- EXERCISE PROMPT -
Transcribe the entries below exactly, starting with the line that has "Duo Soles - Apartments" and stopping after the line that has "Epsom Leather Bi Fold Wallet Hermes: Epsom"; no pictures belong in the copy.

- DATA FOR REVIEW -
------------

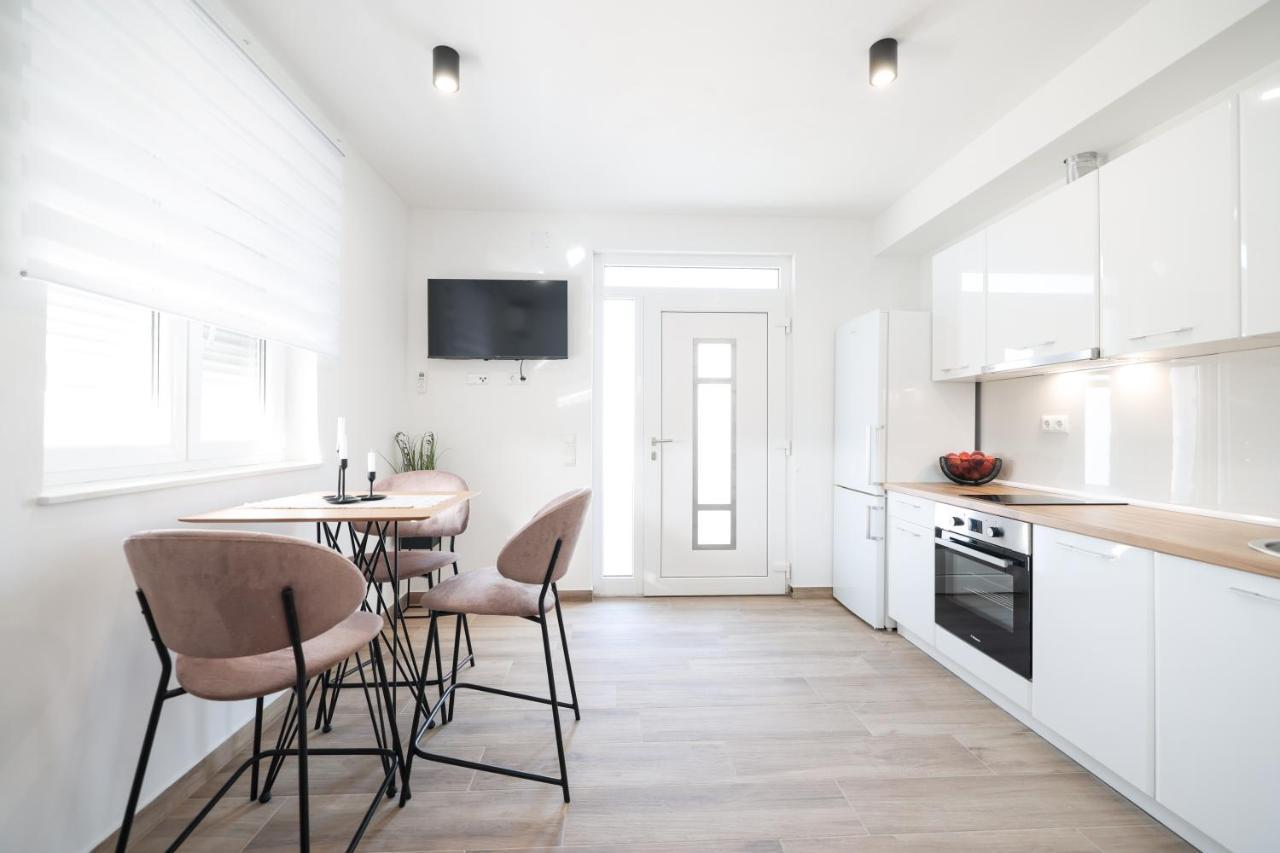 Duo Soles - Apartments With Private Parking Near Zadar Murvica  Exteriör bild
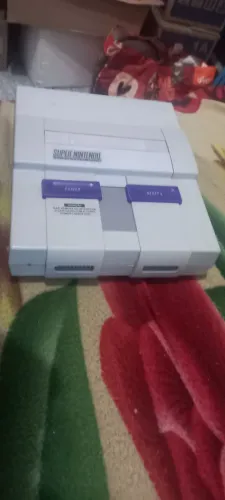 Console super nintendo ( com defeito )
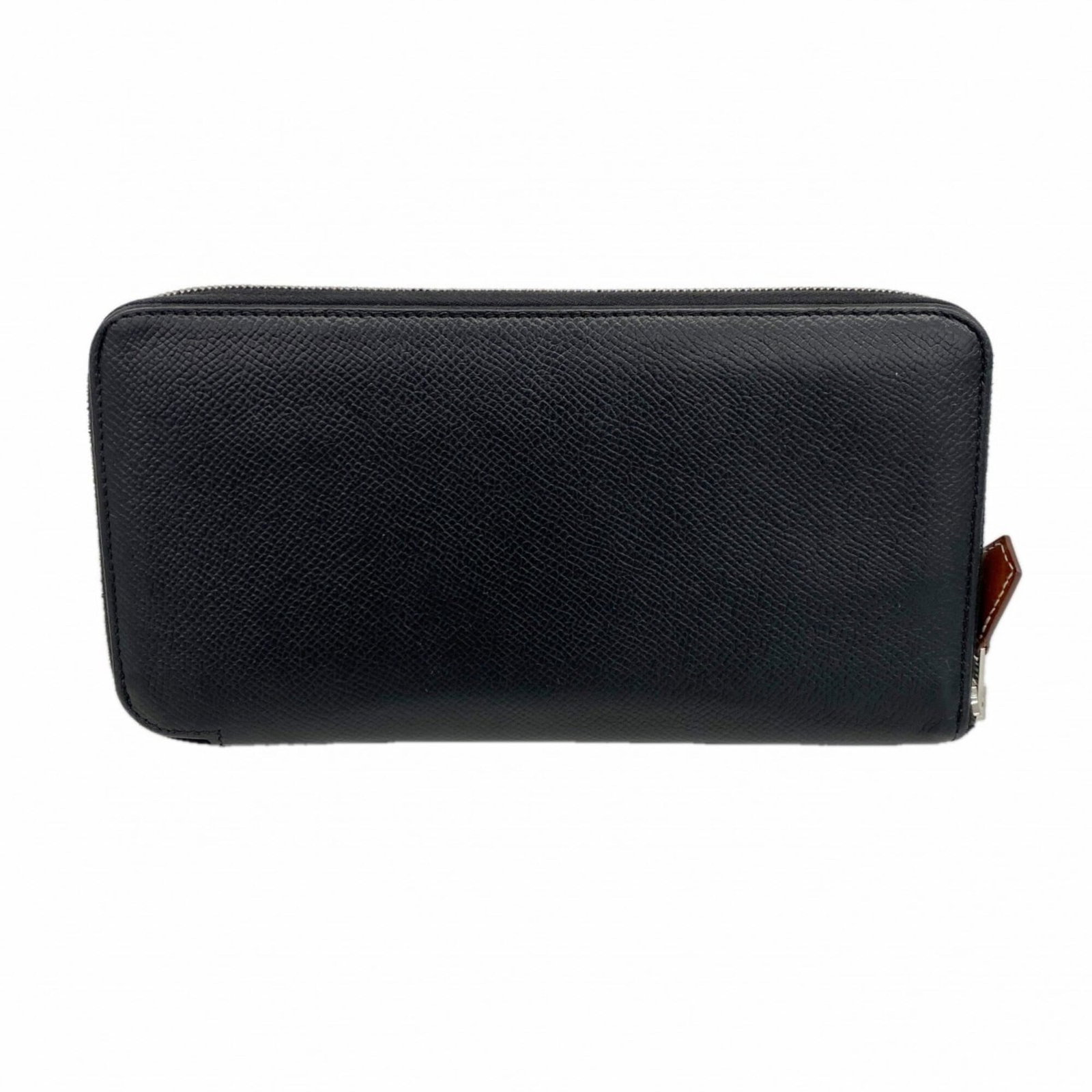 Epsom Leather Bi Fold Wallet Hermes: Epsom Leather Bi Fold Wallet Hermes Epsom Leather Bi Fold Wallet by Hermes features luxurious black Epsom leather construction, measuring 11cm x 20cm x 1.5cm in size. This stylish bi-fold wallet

------------

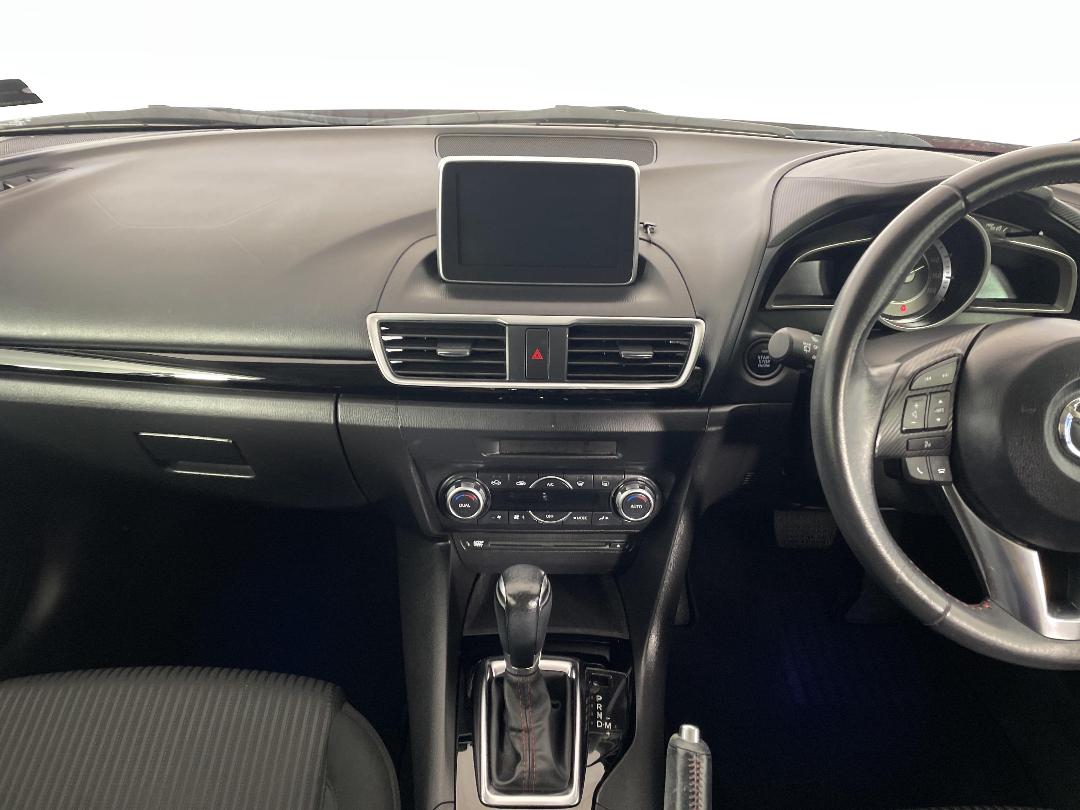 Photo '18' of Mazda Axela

------------

- WRITTEN SOLUTION -
 Duo Soles - Apartments With Private Parking Near Zadar Murvica  Exteriör bild
 Console super nintendo ( com defeito )
 Epsom Leather Bi Fold Wallet Hermes: Epsom Leather Bi Fold Wallet Hermes Epsom Leather Bi Fold Wallet by Hermes features luxurious black Epsom leather construction, measuring 11cm x 20cm x 1.5cm in size. This stylish bi-fold wallet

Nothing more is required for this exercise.